THE TASK> Leaving out all pictures, copy the lines below exactly, from the line with "Ein Restaurantbereich mit" to the last line, both ends included.

DATA SHOWN>
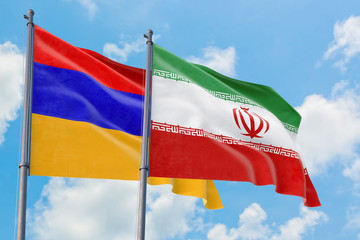 Iran and Armenia flags waving in the wind against white cloudy blue sky together. Diplomacy concept, international relations.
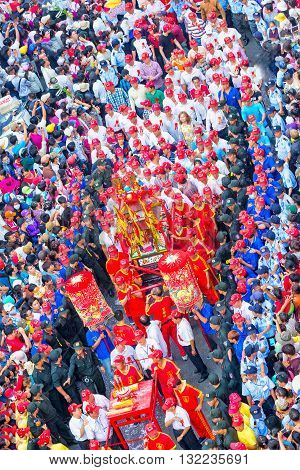 Binh Duong, Vietnam - February 22nd, 2016: Festival Chinese Lantern with colorful procession carrying censer goddess bless business is protected around march on road to pagoda in Binh Duong, Vietnam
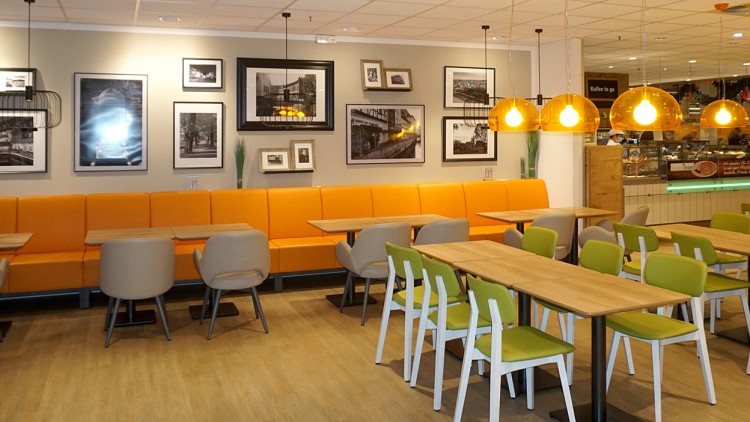 Ein Restaurantbereich mit orangefarbener Sitzbank, Holzstühlen, Tischen, Wandbildern und gelben Pendelleuchten.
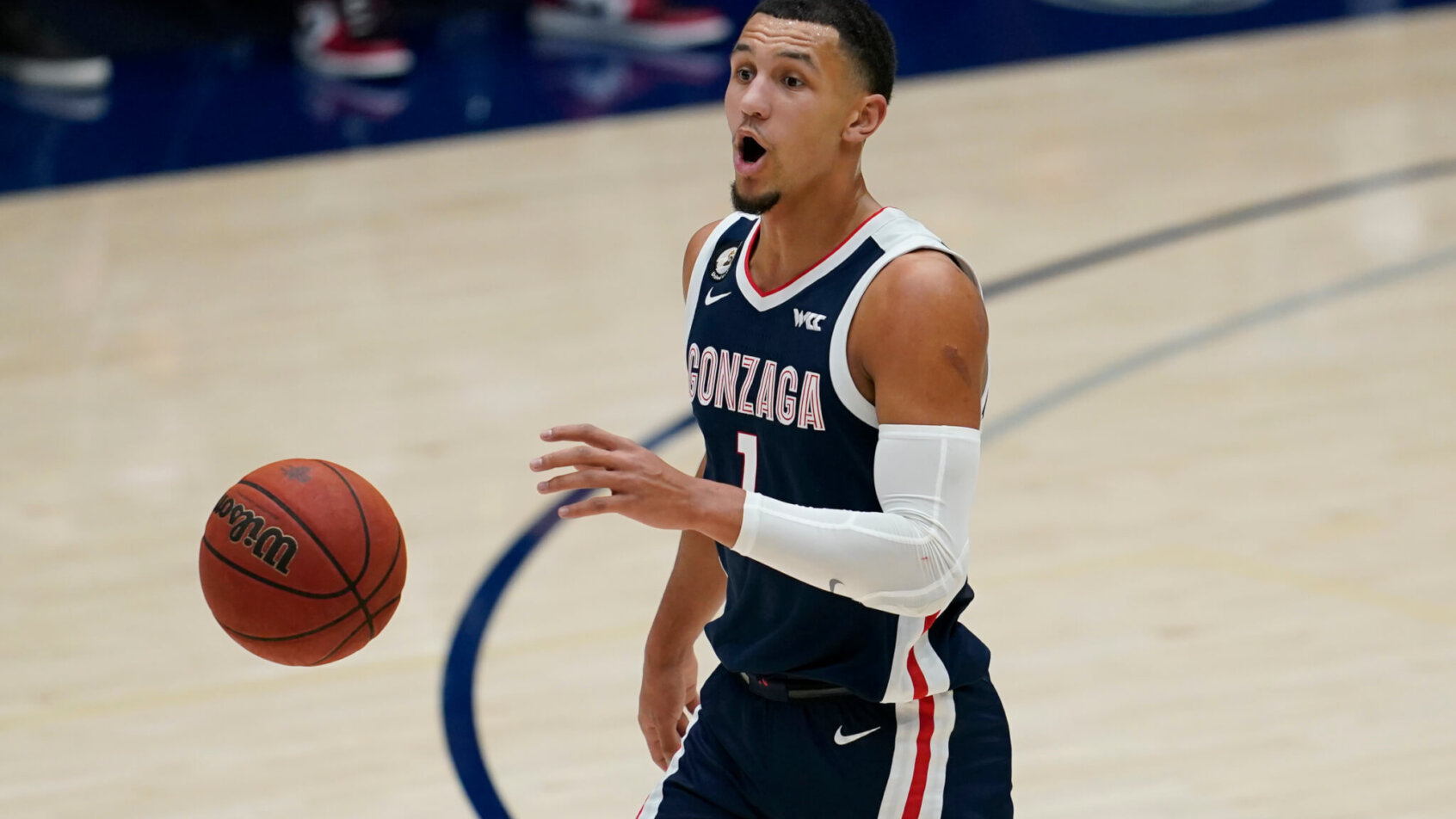 Gonzaga guard Jalen Suggs dribbling the ball up the court during a NCAA men's basketball game.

EXERCISE RESPONSE>
 Ein Restaurantbereich mit orangefarbener Sitzbank, Holzstühlen, Tischen, Wandbildern und gelben Pendelleuchten.
 Gonzaga guard Jalen Suggs dribbling the ball up the court during a NCAA men's basketball game.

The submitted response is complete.